I love the look of film—most of my favorite photographers shoot medium format film. There’s a soft, romantic, and timeless look that is tricky to emulate exactly with digital. The way film captures light is different than the way a DSLR captures light, so even in direct sun, photographs shot with film turn out beautiful and not too harsh.
That’s why I try to emulate the look of film—there are so many styles out there right now (dark and moody, very light and airy, contrasty, etc.) that are incredible and beautiful but I think when we look back in 5 years, those photos will be very dated (think back to the days of Picnik and the original Instagram filters). Film, however, has been the same for a long time.
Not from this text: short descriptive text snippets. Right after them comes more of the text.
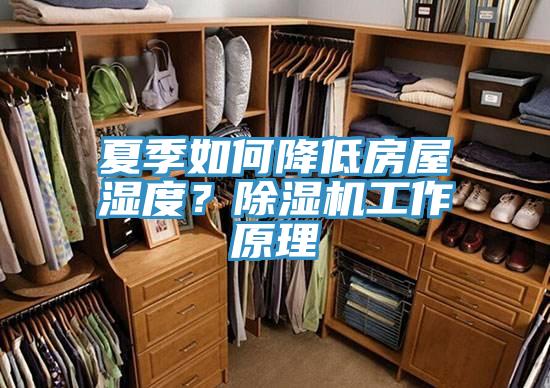 夏季如何降低房屋濕度？香蕉视频国产工作原理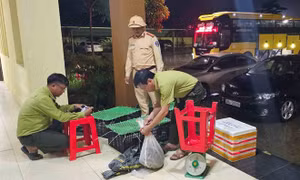 Xe khách vận chuyển động vật hoang dã trái phép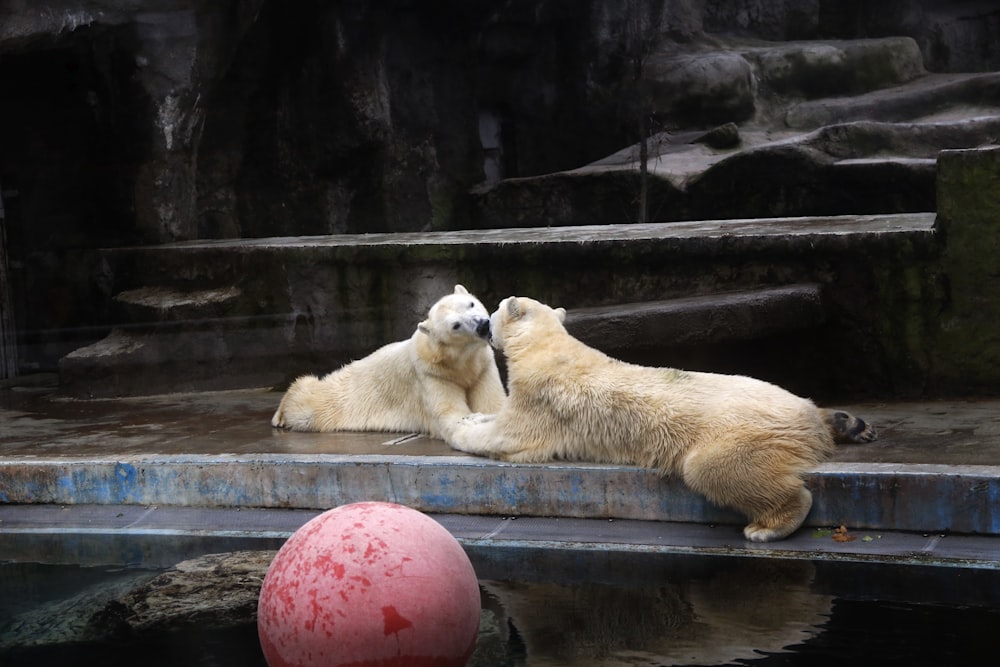 polar bear lying on brown concrete floor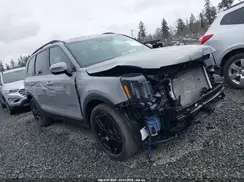 5XYP5DGC9SG605686 2025 KIA TELLURIDE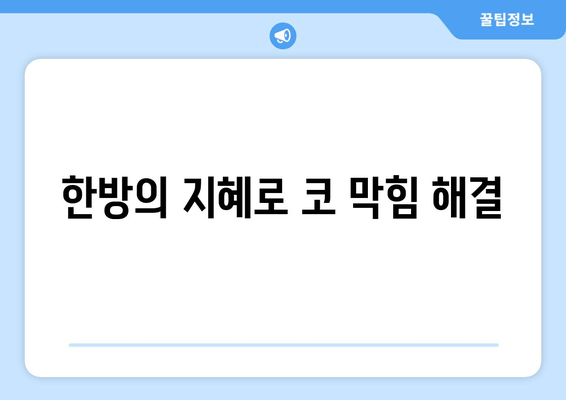 한방의 지혜로 코 막힘 해결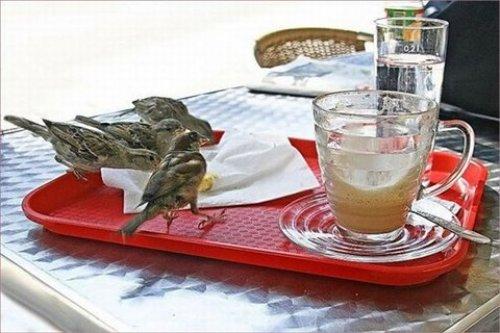 İnternetin en çılgın fotoğrafları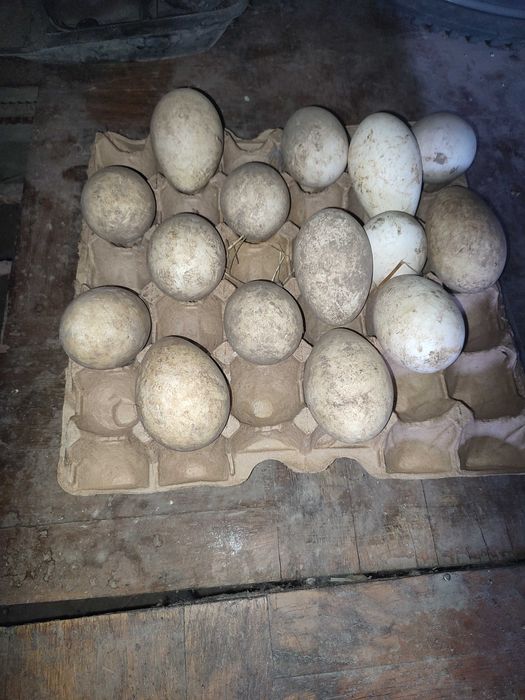 Инкубационные яйца гуся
My mom shot film—she saved her money and got a 35mm camera in or after college. When I was preparing to choose electives for high school, I wanted to take photography. So in high school, when it came around for me to get a camera, I wanted to use my mom’s, but there was light leak. She took me to 5+ stores in the OKC area one afternoon after school to get me a 35mm film camera. That’s a good, dedicated mom. I took three b&w film classes in high school, where I learned to shoot film and develop in the dark room. I still have my stained notes.
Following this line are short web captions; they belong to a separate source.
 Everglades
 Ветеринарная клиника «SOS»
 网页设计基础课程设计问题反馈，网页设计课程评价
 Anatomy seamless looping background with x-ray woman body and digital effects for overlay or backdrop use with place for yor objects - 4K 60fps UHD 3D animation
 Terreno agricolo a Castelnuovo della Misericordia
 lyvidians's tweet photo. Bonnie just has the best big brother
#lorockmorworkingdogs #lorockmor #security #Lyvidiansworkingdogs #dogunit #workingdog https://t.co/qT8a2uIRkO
After I took those classes, I would still shoot with cheap film that I sent to Walgreens to get developed. The pictures looked awful, and I actually thought I had light leak for a while. The camera sat at home in Oklahoma for years, and I even tried to sell it on Stanford’s sell/buy network. No one inquired for months, until finally someone did, but the camera was still in Oklahoma. I’m so glad it was there because in the past couple of years I ended up wanting to get back into film, specifically color film. I had done my research and found out which film stocks were the best for modern photography (fuji400h and portra400).
Since I don’t use a lightmeter, I overexpose and rate my film at a different ISO. This makes everything pretty inaccurate though… so I kind of want to invest in a lightmeter. BUT ALSO, I don’t want to yet because I just bought a new camera and now I spend lots of my money on my dog. I get basic scans from The Find Lab — I wonder if I should get premium scans or switch film labs (to Photovision or Richard maybe? but I think they’re more expensive). I’m going to practice more with my digital before really investing in film—film is expensive.
I love how my double exposures are turning out! Everything else though is really hit or miss. I’m still underexposing for sure, but I think I’m marginally getting better!